N. Korea says nuke talks can be revived if U.S. ‘ends hostility’

N. Korea says nuke talks can be revived if U.S. ‘ends hostility’

PanARMENIAN.Net - North Korea said on Wednesday, July 10 that it would not give up its nuclear deterrent until the United States ends its "hostile policy" towards Pyongyang, but that it was ready to revive international talks on its nuclear program frozen since 2008, Reuters reported.

The United States and its allies believe North Korea violated a 2005 aid-for-denuclearization deal by conducting a nuclear test the following year and pursuing uranium enrichment that would give it a second path to a nuclear weapon in addition to its plutonium-based atomic program.

So Se Pyong, the North Korean Ambassador to the United Nations in Geneva, warned that a joint U.S.-South Korean military exercise planned for August would raise tensions on the divided Korean Peninsula.
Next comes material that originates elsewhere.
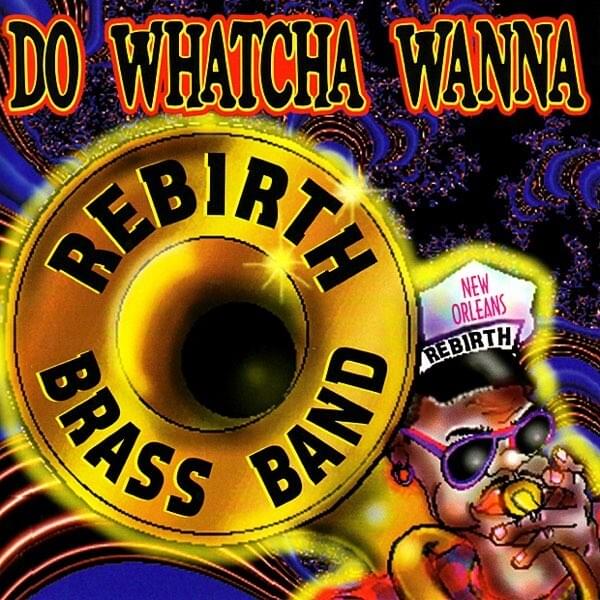 Do Whatcha Wanna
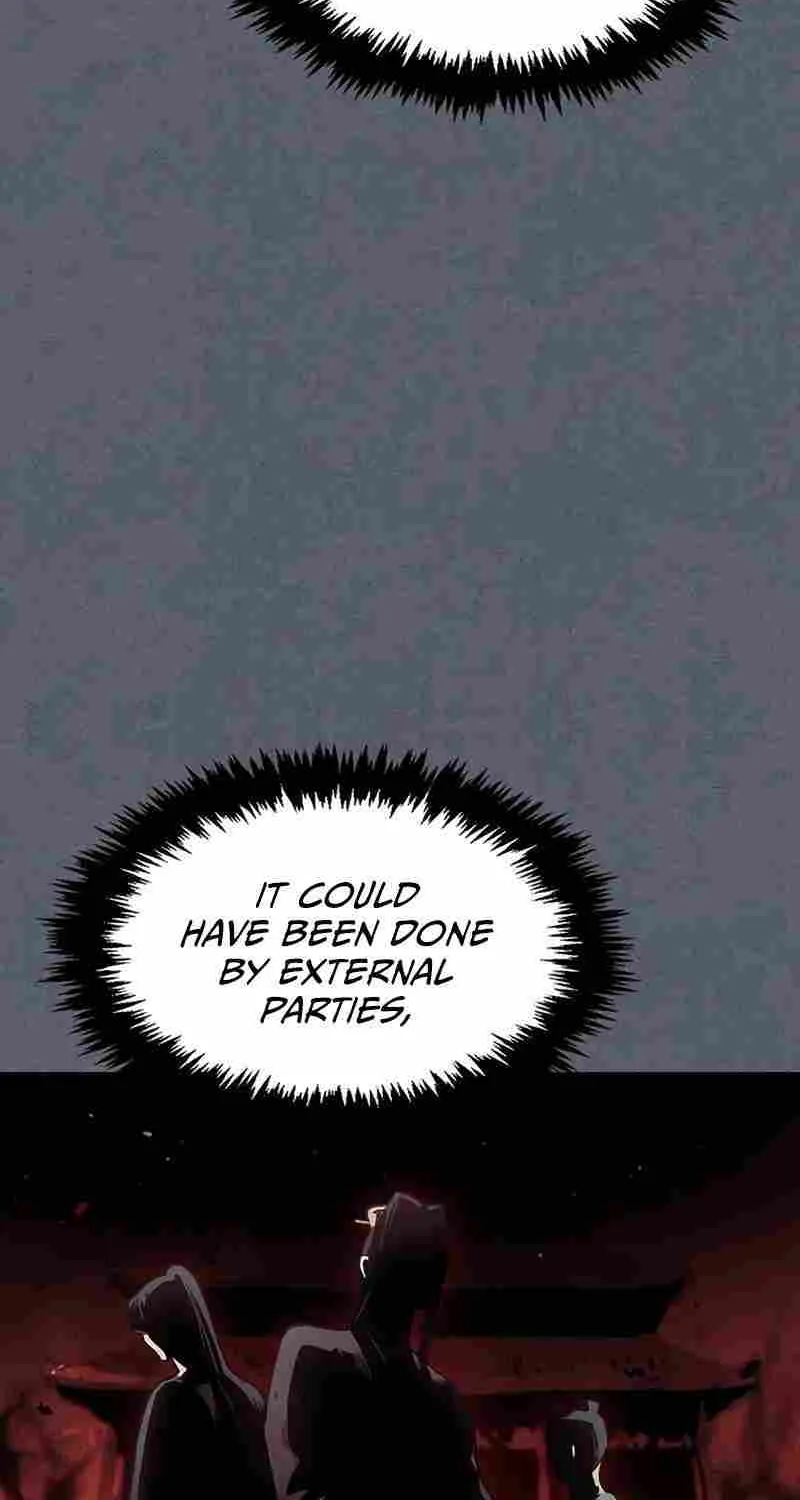 Heavenly Grand Archive’s Young Master Chapter 8 page 96 -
He also reiterated his country's call for dismantling the U.S.-led UN Command in South Korea, which dates from the 1953 armistice that ended the Korean war without a peace treaty. The 60th anniversary of the armistice falls on July 27.
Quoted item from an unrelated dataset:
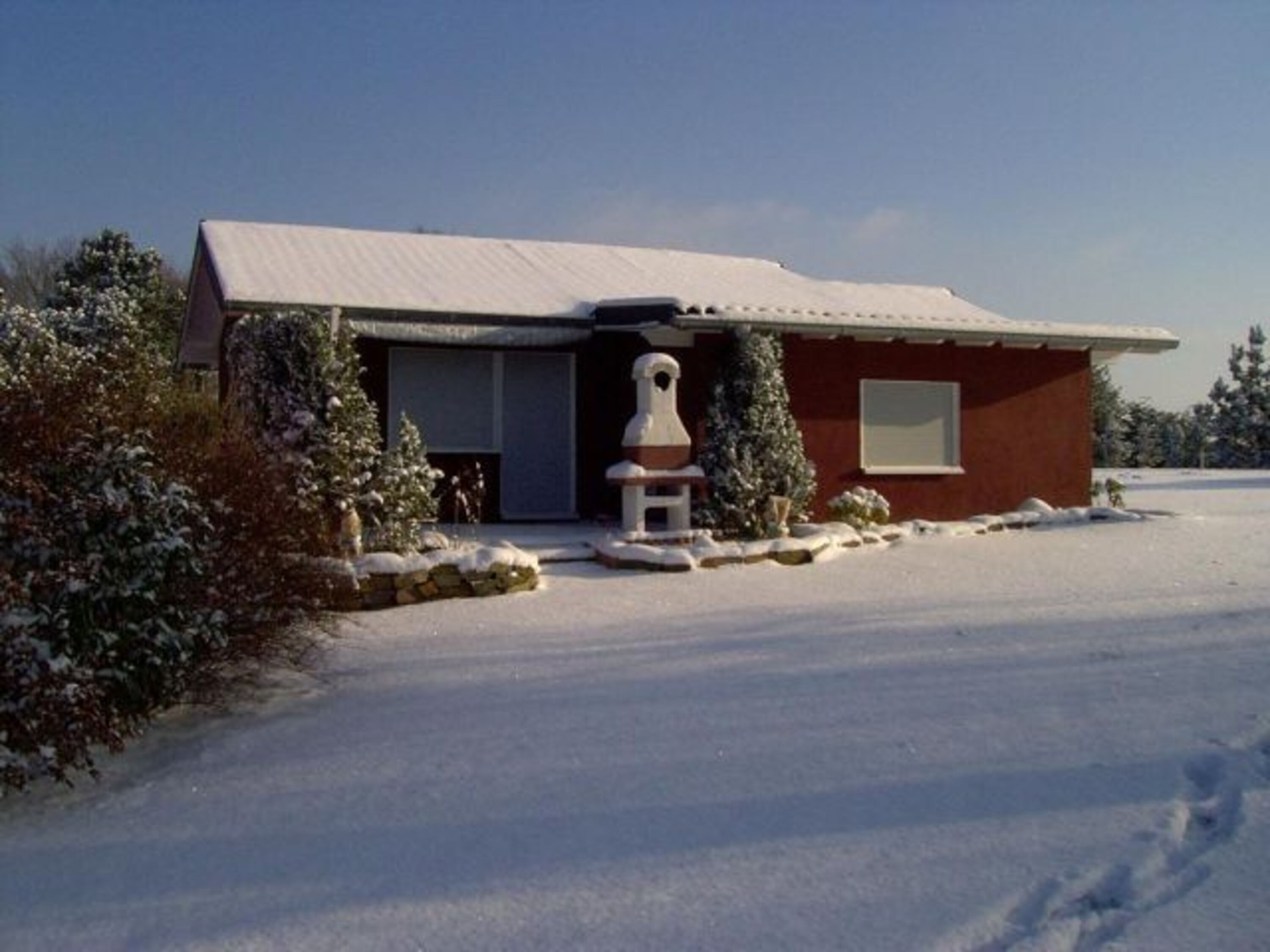 Winterimpressionen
"The DPRK (North Korea) will never give up its nuclear deterrent unless the U.S. fundamentally and irreversibly abandons its hostile policy and nuclear threat towards my country...and dissolves the UN Command, a mechanism which is an aggressive military tool against the DPRK," So said.

He was speaking at a rare news conference held in North Korea's mission in Geneva. His counterpart at the United Nations in New York, Ambassador Sin Son-ho, made a similar appeal for dissolution of the UN Command on June 21.